> [Short text fragments from websites]
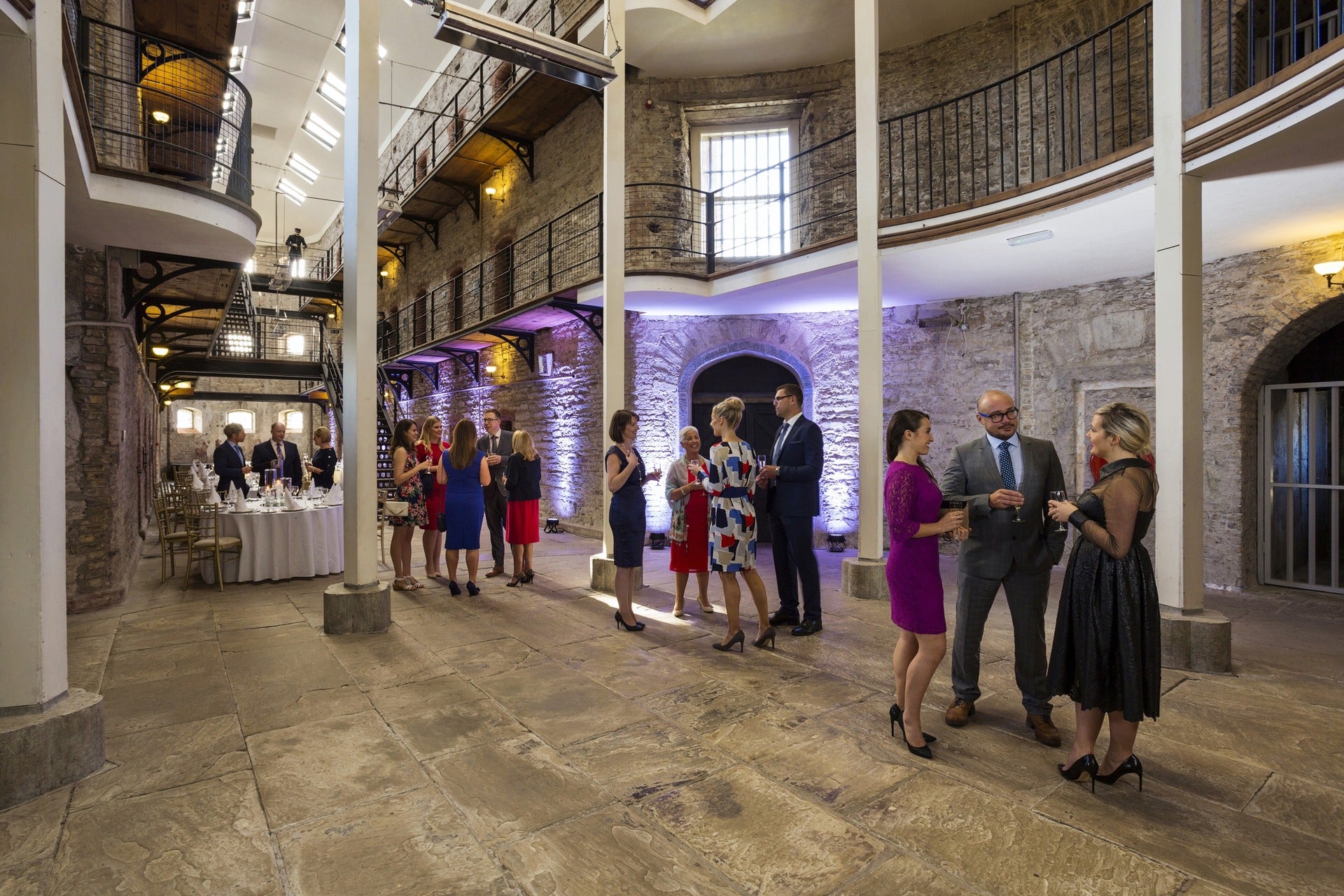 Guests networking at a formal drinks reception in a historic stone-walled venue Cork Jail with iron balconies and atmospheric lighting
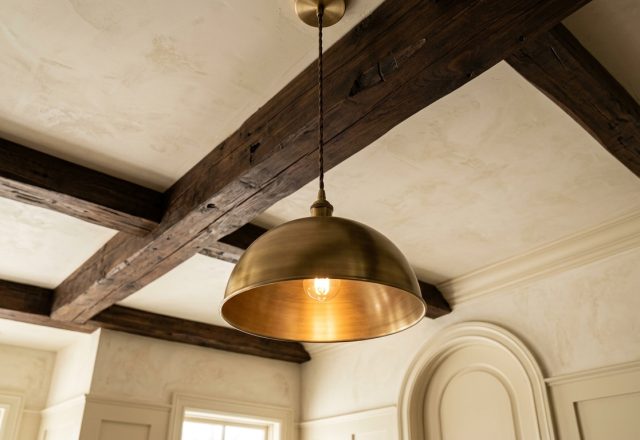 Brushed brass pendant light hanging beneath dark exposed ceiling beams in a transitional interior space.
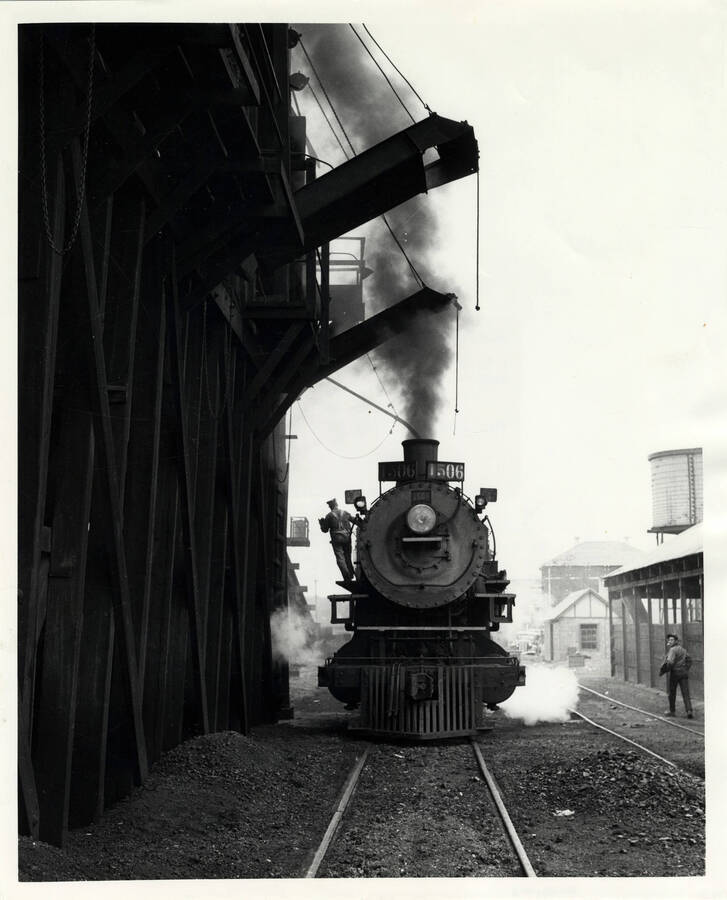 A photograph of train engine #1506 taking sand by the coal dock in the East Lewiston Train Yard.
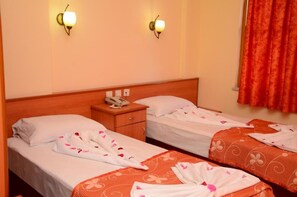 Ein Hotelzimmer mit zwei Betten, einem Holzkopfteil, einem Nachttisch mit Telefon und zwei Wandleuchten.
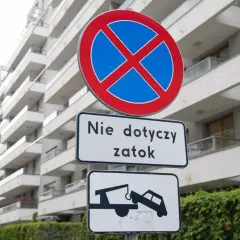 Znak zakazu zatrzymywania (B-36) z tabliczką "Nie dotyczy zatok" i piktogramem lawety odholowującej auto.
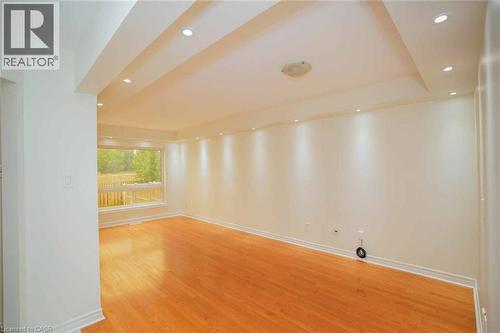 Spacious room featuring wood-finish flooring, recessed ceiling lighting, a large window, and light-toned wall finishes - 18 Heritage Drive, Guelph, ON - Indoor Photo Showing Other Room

> [YOUR INSTRUCTIONS] Copy only the lines above from the one containing "Ein Hotelzimmer mit" through the one containing "Znak zakazu zatrzymywania", both included. Leave out the pictures.

> [REPLY TO THE TASK]
 Ein Hotelzimmer mit zwei Betten, einem Holzkopfteil, einem Nachttisch mit Telefon und zwei Wandleuchten.
 Znak zakazu zatrzymywania (B-36) z tabliczką "Nie dotyczy zatok" i piktogramem lawety odholowującej auto.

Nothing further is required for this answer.